A new year and a fresh start

Many cultures celebrate the coming of a new year. And for all of them it brings the promise, the optimism, of a new start.

Tibetans, for example, love their New Year celebrations. They start the night before the first day of the First Month, and go on for fifteen days! The first day of their First Month – they use a lunar calendar, calculated annually – usually falls around February; this year it’s February 24.

For the Buddhist Tibetans, their “Losar” celebrations have a big religious component. More than once I’ve enjoyed their day-long ceremonies, especially during the first three days.

One tradition all Tibetans share, families and monastics alike, is to do a huge clean-up in the days leading up to Losar, throwing out the old, airing the cupboards, making a fresh start.

Psychologically we all need this badly. We know how good it feels! The trouble is, we can’t help but get stuck in old ways, gathering rubbish around us, internal and external, and putting off dealing with it. Best would be to do a clean-out every day, not once a year!

So, why do we fall into old habits? Why is it so hard to deal with our dramas as and when they arise? Why do we often wait until things become unbearable before we start to confront them, deal with them, to air out the cupboards?

One way of explaining it is in terms of the Buddhist understanding of attachment and aversion, these two seemingly simple but primordially deep states of mind. Essentially, this attachment runs the show, moment by moment. It’s a junkie that only wants the nice things, and the second it doesn’t get what it wants, that’s the arising of aversion: frustration, annoyance, irritation, upset – all these polite words for the stronger manifestation called anger or, when it turns inward, depression.

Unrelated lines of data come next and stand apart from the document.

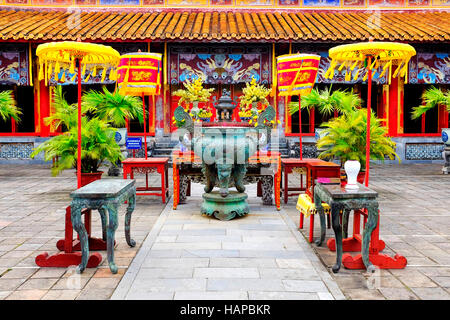 Urna dinastici nel Tempio Mieu nella tonalità città imperiale, tonalità, Vietnam Foto Stock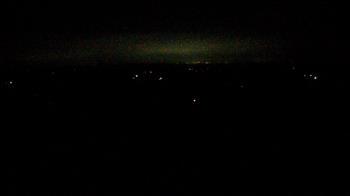 Weather camera view of Dirt Farm Brewing.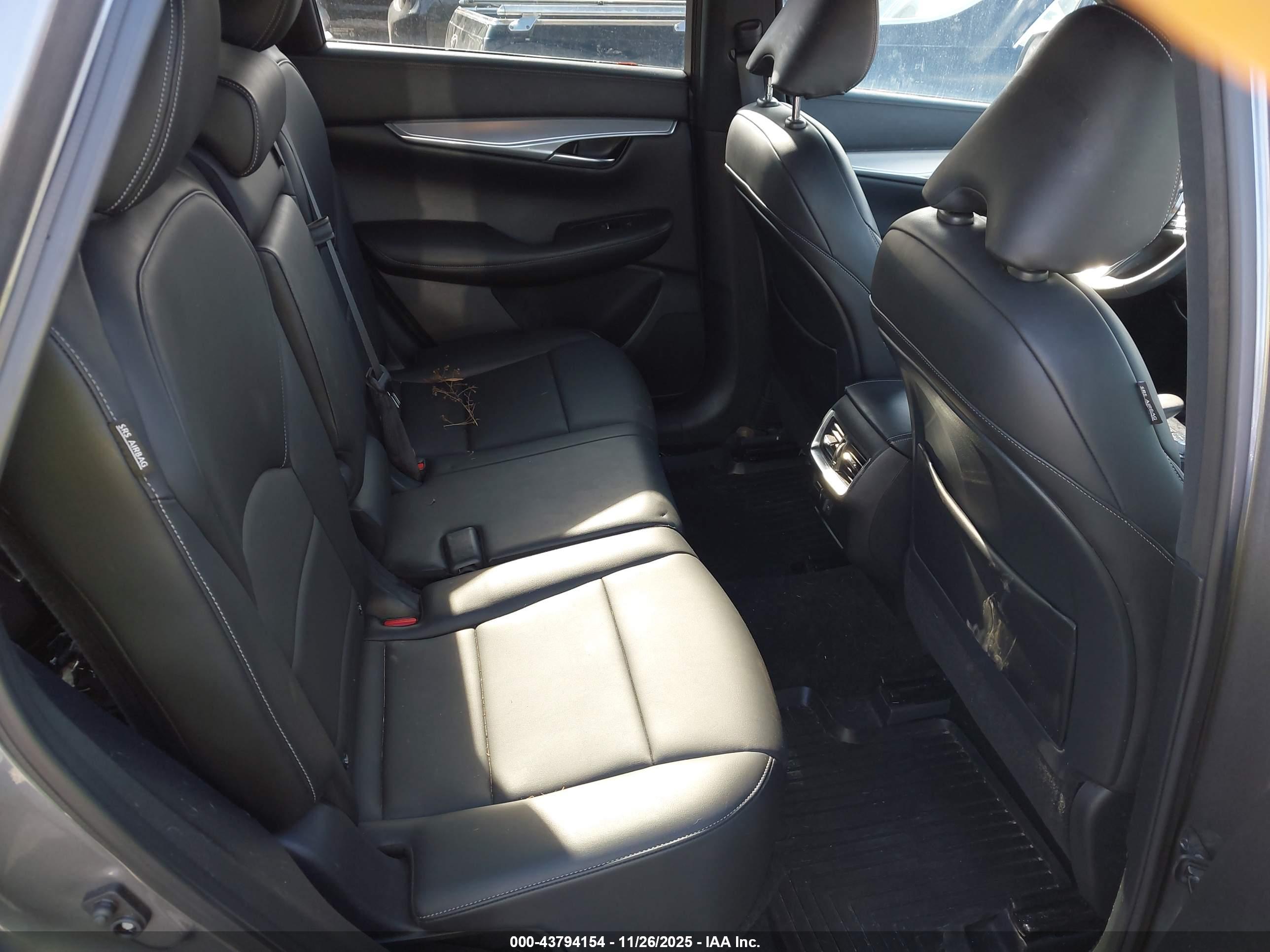 INFINITI QX50 image 8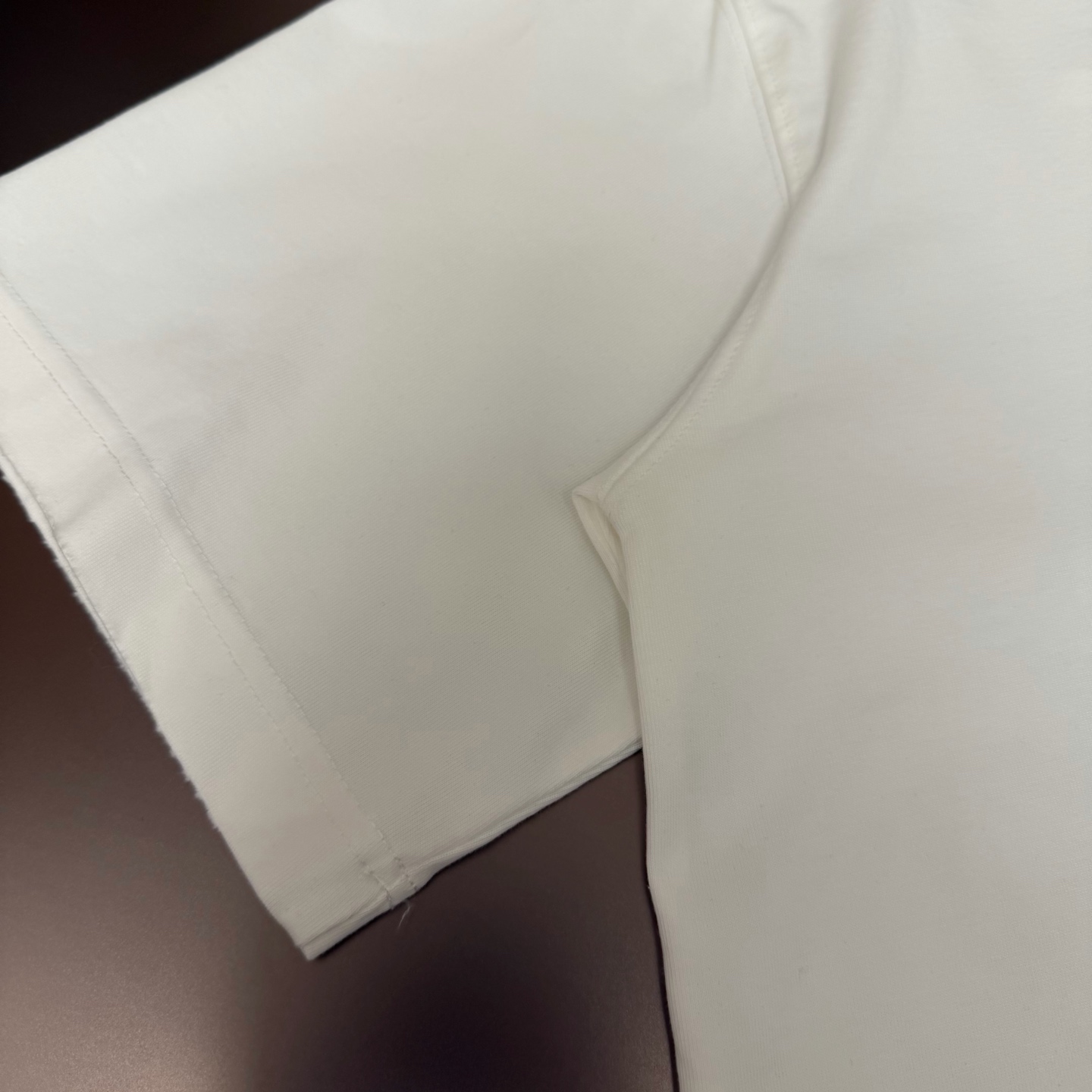 Burberry 品牌：BBR巴宝莉 26SS最新 BBR贴布刺绣工艺短袖T恤，品牌元素标志性刺绣Logo 彰显品牌魅力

According to Buddhist psychology they play a profound role in our lives, and are the basis of so much of our suffering. We’re going between this attachment and aversion a thousand times a day, but the trouble is we rarely notice them, and we allow them to build up until it becomes unbearable.

Just naturally what happens when the hard choices need to made, the difficulties are to be dealt with, the changes must be confronted, the cleaning up to be done, is that we shy away from it, we will do anything to put it off. Why? Because attachment can’t stand problems!

Another way of describing this tendency within us is “procrastination.” What is it that we put off doing? The thing that takes too much effort. And what takes too much effort? The thing that attachment doesn’t like.

In other words, we love our comfort zone and we’ll do anything to stay in it.

Part of the problem is when we do make decisions to get out our comfort zone, to keep our promises to ourselves, we succeed for a while and then sink back into the old ways. Eventually we become disillusioned.

But we mustn’t give up. Perseverance is an incredible quality. Without it, we can achieve nothing. This means whenever we fall down, we simply pick ourselves up again; renew our determination to not put things off. Again, we might fail; again, we pick ourselves up. We know practice makes perfect, but it’s not necessarily easy. Old habits really do die hard.

Every day is a new day, a fresh start. When we wake up, aspire to do our best, to deal with what arises, to not put things off, to not shy away. And at the end of every day, assess ourselves, regret the mistakes, rejoice in our efforts, in our good qualities, and go to bed with a happy mind.

Just keep moving, one step at a time, never giving up!